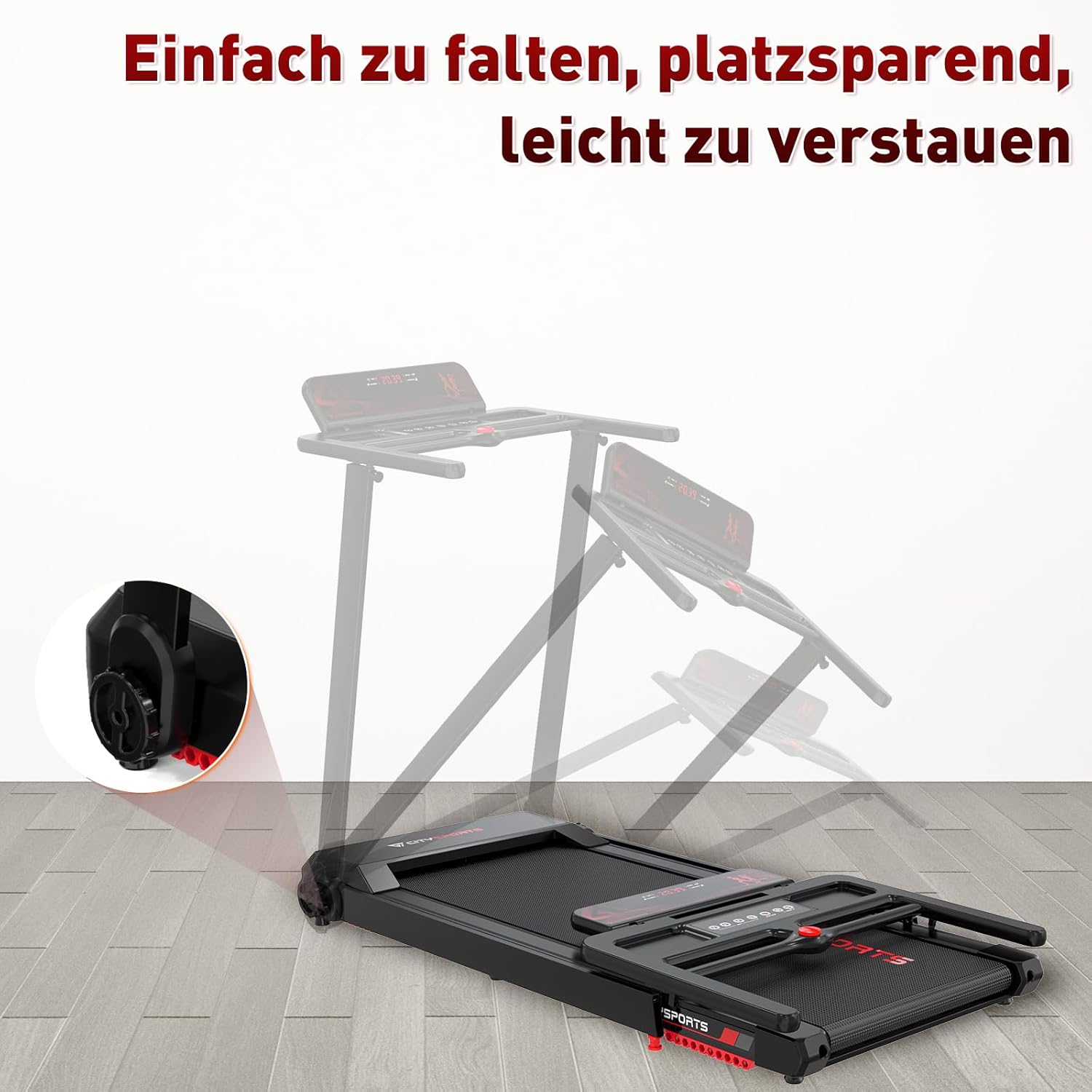 CITYSPORTS Electric Treadmill, Folding Treadmill for Home up to 12 km/h, with LED Display, App and 360° Tablet Holder, Compact Walking Pad for Home and Office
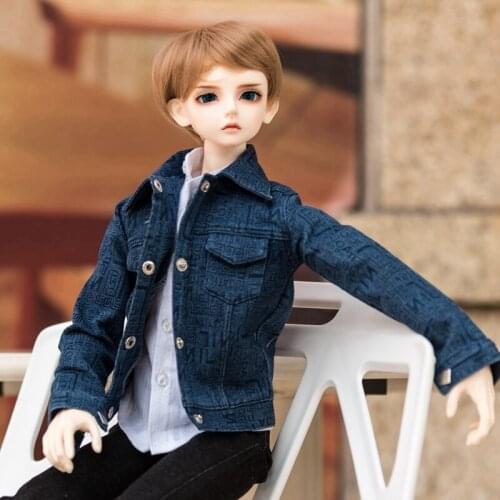 BJD doll clothes is suitable for 1/3 1/4 MSD Uncle size dark blue jeans with letters doll accessories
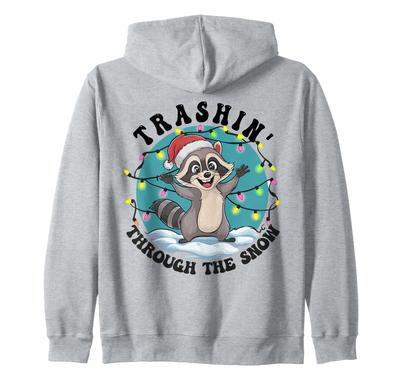 Trash Can In the Snow Cute Christmas Raccoon Santa Hat Zip Hoodie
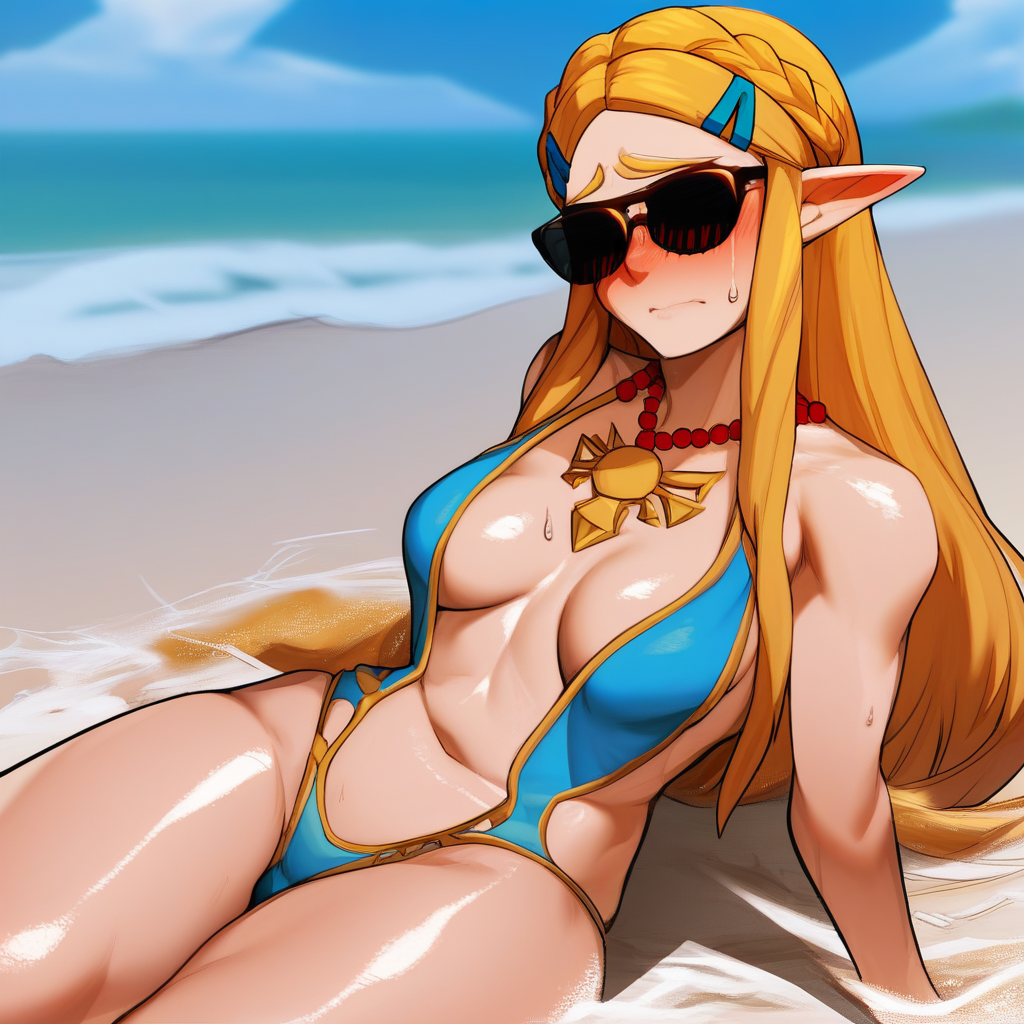 source_anime, colorful, score_9, score_8_up, score_8, 1girl, Princess Zelda, N44V5STYL3V1, BREAK, 1woman, long hair, milf, (detailed face), (detailed skin), detailed eyes, curvy, perky breasts, swimsuit, sunglasses, flushed skin, blushing, shiny skin, sweat, beach, sand, waves, water, sunlight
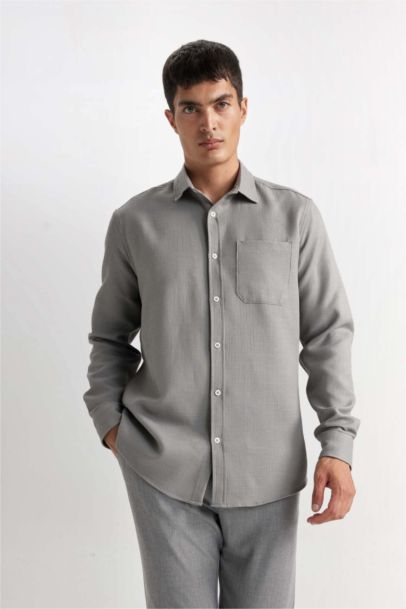 Regular Fit Polo Collar Cotton Shirt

#### Work order:
The pictures in the entries above should be left out; all else must be copied exactly.

#### Response to the task:
 CITYSPORTS Electric Treadmill, Folding Treadmill for Home up to 12 km/h, with LED Display, App and 360° Tablet Holder, Compact Walking Pad for Home and Office
 BJD doll clothes is suitable for 1/3 1/4 MSD Uncle size dark blue jeans with letters doll accessories
 Trash Can In the Snow Cute Christmas Raccoon Santa Hat Zip Hoodie
 source_anime, colorful, score_9, score_8_up, score_8, 1girl, Princess Zelda, N44V5STYL3V1, BREAK, 1woman, long hair, milf, (detailed face), (detailed skin), detailed eyes, curvy, perky breasts, swimsuit, sunglasses, flushed skin, blushing, shiny skin, sweat, beach, sand, waves, water, sunlight
 Regular Fit Polo Collar Cotton Shirt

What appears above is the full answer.